La isla de Santa Margarita,o de los conejos, lleva habitada desde la época romana. Es el pulmón de la ciudad, un remanso de paz donde se aglutinan los sin techo; quizá subsistan reciclando vidrios en el Spar; allí, las cajeras de ojos claros se toman su tiempo sin importarle que su foto nunca aparezca entre las empleadas del mes.
A media subida a la colina Gellért hay una estatua en bronce del patrón de Budapest. En el siglo XI unos paganos martirizaron a este obispo arrojándolo desde lo alto en un tonel. Buena panorámica del blanquecino puente de Erzsébet. Tras un paseo campestre coronas la Ciudadela, obra decimonónica de los Habsburgo. Allí arriba domina el Monumento a la Liberación que conmemora la liberación de Budapest por el ejército ruso. Una paradoja pues en noviembre del 56 ya sintieron la necesidad de rebelarse ante el asfixiante control soviético del Pacto de Varsovia; tres mil húngaros fallecieron, como aquellos obreros mártires de la isla de Csepel, corazón de la industria metalúrgica.

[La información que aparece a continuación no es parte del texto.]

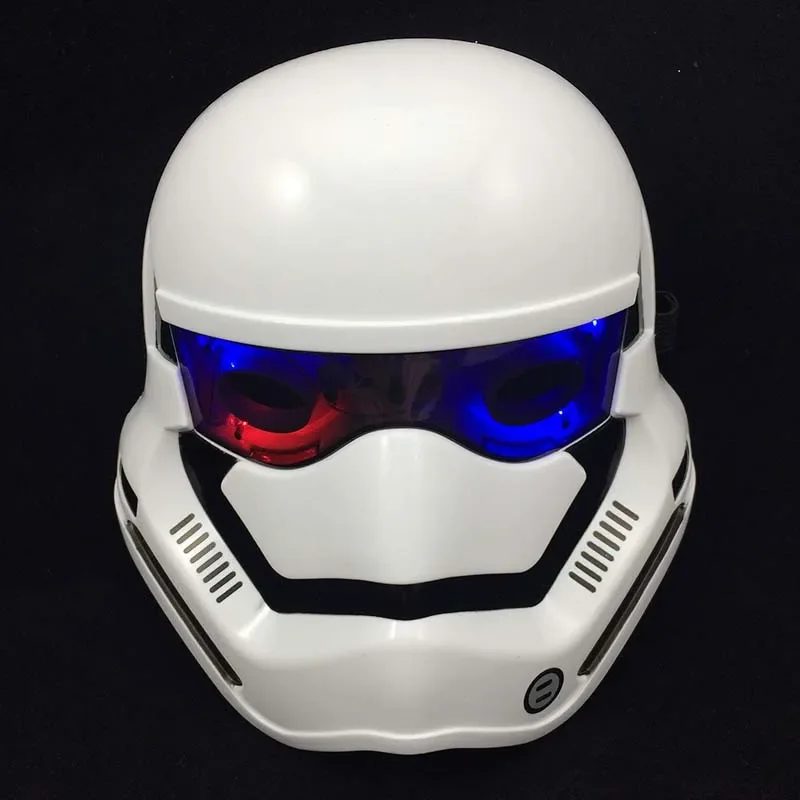 スターウォーズの世界のようにコスプレにヘルメットマスクイカしたデザイン光一品 LEDグロー点滅スターウォーズマスク プラスチック製 黒 白 戦士 ダース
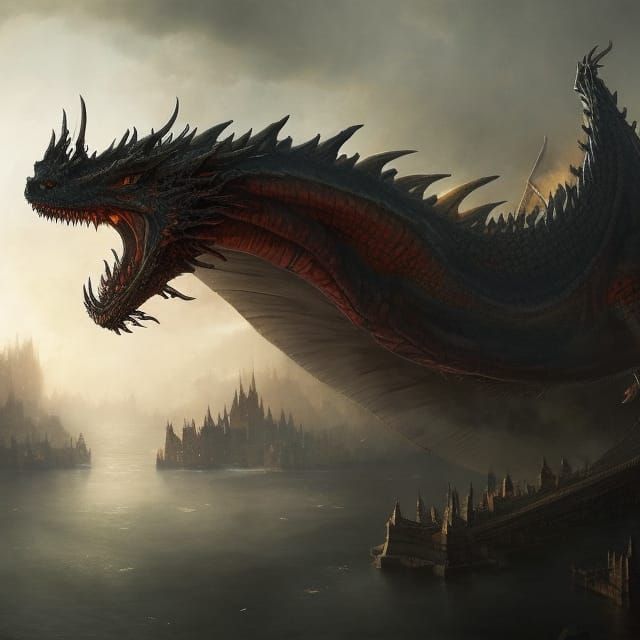 Epic Dragon Over Lake City: Detailed Concept Art
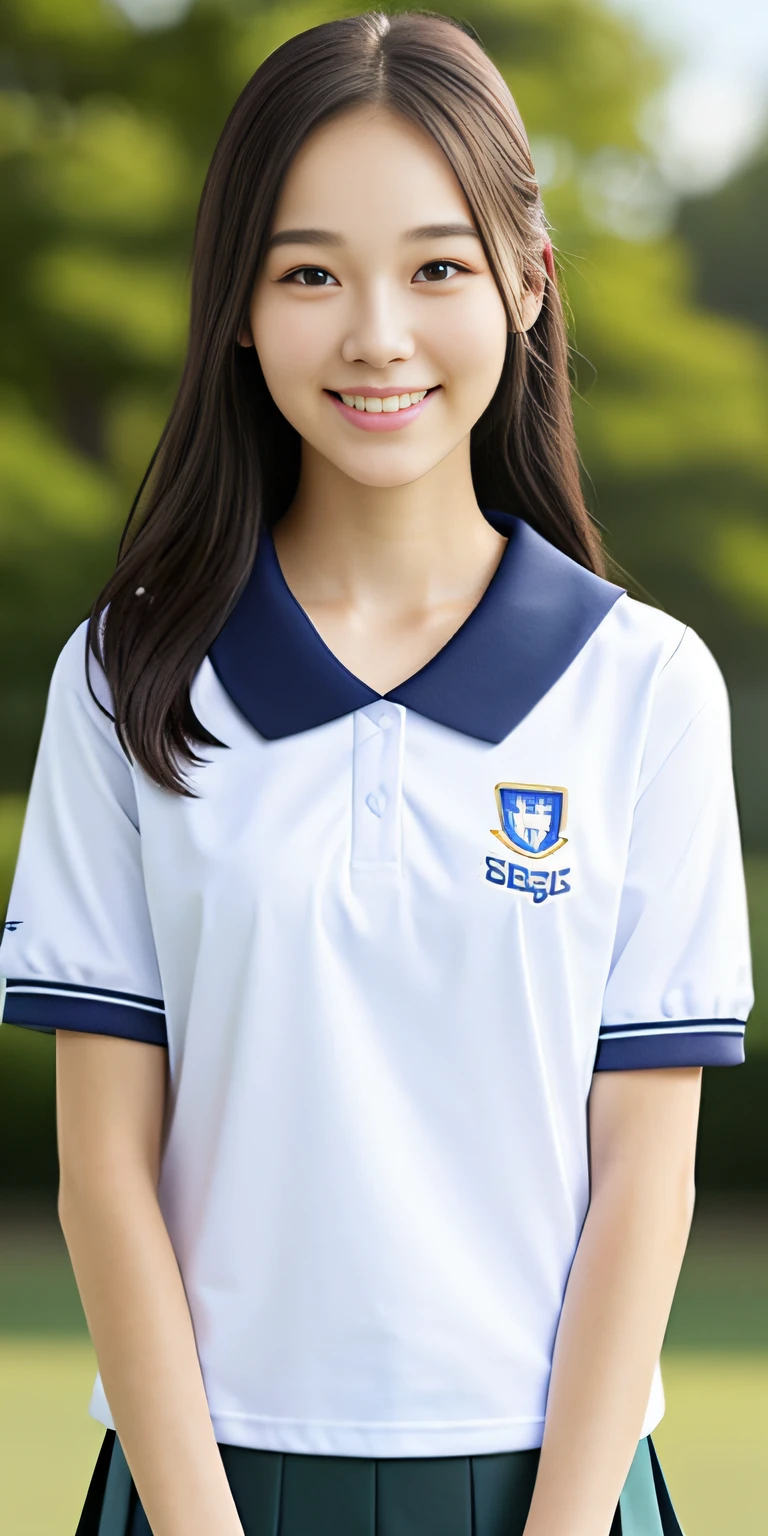 neat college girl, petite person, (school uniform, summer clothes, short sleeves, shirt), outside the athletic field, (slim), photorealistic, detail, skin texture, ultra detail, delicate and sexy collarbone, smile, ultra detailed face, detailed lips, detailed eyes, double eyelids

Una senda desemboca en la pintoresca iglesia rupestre. Fe en las cavernas. Parada obligatoria en el balneario, que se encumbró con un anuncio de yogures. Sus aguas carbonatadas gaseosas llegan a los cuarenta y ocho grados. ¿Quién no se relajaría aquí? El barbado de la tienda de souvenirs te explica, sin pausas ni derecho a réplica, toda la mercancía de memoria; dice hablar hasta quince idiomas.En la terraza del hotel una orquesta interpreta melodías de los sesenta. Regreso al mundanal ruido por el Puente Szabadsag.